You might have wanted your own mother to come over, do housework and help out all the time when your dc were tiny, and you might want to do the same for your own daughter and gc.

But it is for her to decide.

HospitalToast · 12/09/2019 20:08

This in droves. I was the most precious mum to be. I look back in embarrassment now. Don’t rise to the bait and wait until reality kicks in then your support will be welcomed.

RLOU30 · 12/09/2019 20:09

@Windydaysuponus

Try telling my mum that. My son is 16 months and she has him all day twice a week while I work. She would have done 4 days if she could but I thought nursery part time would be better for he and her (he is hard work).
Most grandparents dote on their grandchildren especially the first. Of course OP wants to feel needed and important.

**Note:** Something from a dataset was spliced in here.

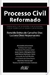 Processo Civil Reformado - Autor: Ronaldo Bretas Carvalho Dias (2007) [usado]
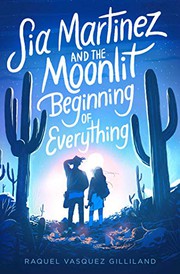 Front cover of Sia Martinez and the Moonlit Beginning of Everything by Raquel Vasquez Gilliland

BestBeforeddmmyy · 12/09/2019 20:33

I really think your dd is being a drama queen. The baby is not even here yet and she is setting up rivalries between you and her mil. I find it appalling that she thinks someone with arthritis cannot look after a baby. You looked after her for God’s sake.
I think I would be disinclined to get to get involved if this how over protective she is before the baby is even born. Honestly, I
am appalled by how rude dd is about you.

DrinkFeckArseGirls · 12/09/2019 20:37

This sounds like a reverse Hmm

dollydaydream114 · 12/09/2019 20:53

None of this makes any sense. First of all you say you are heartbroken because you won't be allowed to 'look after their baby' but then you say you are actually very busy with a full time job and just wanted to go over and do some housework.

So if you don't want to look after the baby anyway, what is the problem, why are you heartbroken and why is there going to be a 'tug of war'? Confused

rockvshardplace · 12/09/2019 20:55

Op, one of my parents has mobility issues but my toddler is much closer to my parent than pil. Yes, it would be hard for my parent to take them out for the day for example, but in their own home or mine it’s fine. Especially now that dc is walking and less dependent on being carried.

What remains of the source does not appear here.